Le gouvernement ouvrier norvégien a, parait-il, fermement promis le visa. Il va évidemment falloir en profiter. La prolongation de notre séjour en France sera liée à des difficultés de plus en plus grandes, et cela dans les deux variantes : en cas de progrès ininterrompu de la réaction aussi bien qu'en cas d'heureux développement du mouvement révolutionnaire.
N'ayant pas la possibilité de m'expulser vers un autre pays, le gouvernement, qui m'a théoriquement " expulsé " de France, n'ose pas m'expédier dans une colonie, car cela ferait trop de bruit et donnerait motif à une constante agitation. Mais avec l'aggravation de la tension intérieure, ces considérations de second ordre passeront à l'arrière-plan – et nous pouvons, N. et moi, nous retrouver un jour dans une colonie. Et bien sûr, pas dans les conditions relativement favorables de l'Afrique, mais quelque part très loin... Cela signifierait un isolement politique infiniment plus complet qu'à Prinkipo. Dans ces conditions, il est plus raisonnable de quitter la France à temps.
Les élections municipales témoignent, il est vrai, d'une certaine " stabilité " de la situation politique. C'est un fait que toute la presse souligne sur tous les tons, quoique avec des commentaires différents. Cependant ce serait la plus grande sottise que de croire à cette " stabilité ". La majorité vote comme " la dernière fois ", parce qu'il faut bien voter d'une manière ou de l'autre. Aucune des classes sociales n'a encore pris son orientation définitive. Mais celle-ci est imposée par toutes les conditions objectives, et les états-majors y sont déjà préparés, tout au moins dans la bourgeoisie.
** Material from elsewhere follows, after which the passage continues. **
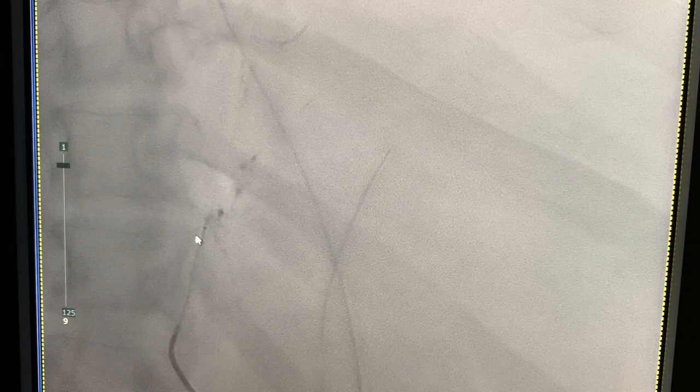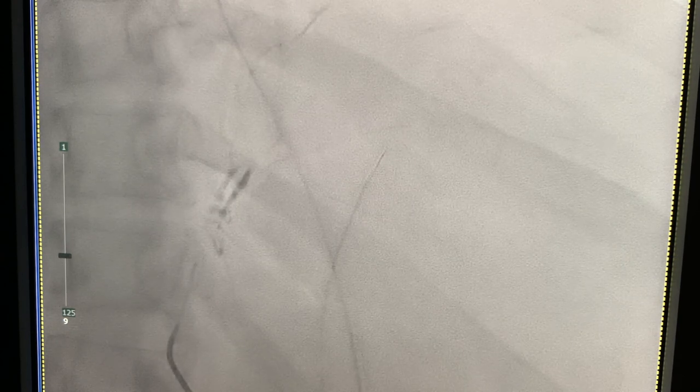This is the embolization run. You can see that my microcatheter is still in the left gastric artery and you can see the glue particles moving forward. I decided to embolize with glue because the patient is coagulopathic due to his liver disease, and embolic glue does not depend on the coagulation cascade to work like coils and other embolics do. The glue is mixed with lipiodol to make it radiopaque, and you can see it going towards where it needs to go.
Une " rupture de progressivité " de ce processus peut intervenir très rapidement, et en tout cas se produira très brutalement.
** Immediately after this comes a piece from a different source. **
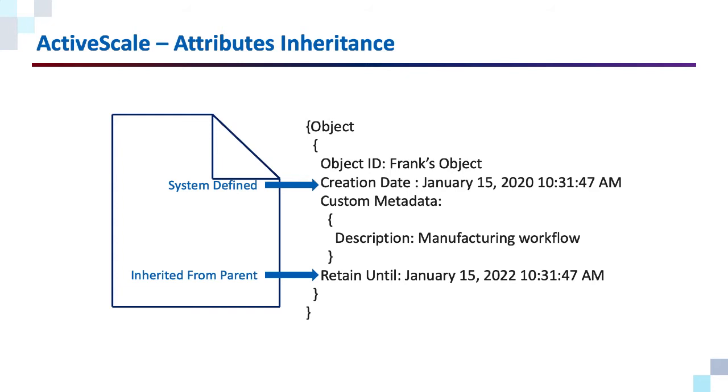Now a thing to note, you can specify your own retention. It can be less than the default, it can be more than the default. But once set, it can't be shortened or removed. It can be extended, but not shortened.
La Norvège, bien sûr, n'est pas la France : langue inconnue, petit pays, à l'écart de la grand-route, retard dans le courrier, etc. Mais tout cela vaut beaucoup mieux que Madagascar (la langue, il sera possible d'en venir à bout rapidement – assez pour comprendre les journaux). L'étude expérimentale du parti ouvrier norvégien présente un grand intérêt, d'une part, en elle-même et, d'autre part, à la veille de l'arrivée au pouvoir du Labour Party en Grande-Bretagne.
Certes, en cas de victoire du fascisme en France, le " rempart " scandinave de la démocratie ne tiendra pas longtemps. Mais aussi bien, dans la situation actuelle, il ne peut s'agir en tout cas que d'un " répit ".
Dans la dernière lettre que N. avait reçue de lui, Sérioja, comme en passant, écrivait : " La situation générale apparaît extrêmement difficile, considérablement plus difficile qu'on ne peut se le représenter... " Il pouvait sembler tout d'abord que ces mots avaient un caractère purement personnel. Mais il est parfaitement clair maintenant qu'il s'agissait de la situation politique, telle qu'elle est devenue pour Sérioja après le meurtre de Kirov et la nouvelle vague de répression qui s'est ensuivie (la lettre était écrite en décembre 1934). Il n'est pas difficile, en effet, d'imaginer ce qu'il est amené à endurer – non seulement dans les réunions et à la lecture de la presse, mais même dans les rencontres personnelles, les conversations et (sans aucun doute !) les innombrables provocations de petits arrivistes et gredins. S'il y avait chez Sérioja un intérêt politique actif, un esprit de fraction, toutes ces pénibles épreuves se justifieraient. Mais ce ressort intérieur lui manque totalement. Ce qui arrive lui est d'autant plus pénible...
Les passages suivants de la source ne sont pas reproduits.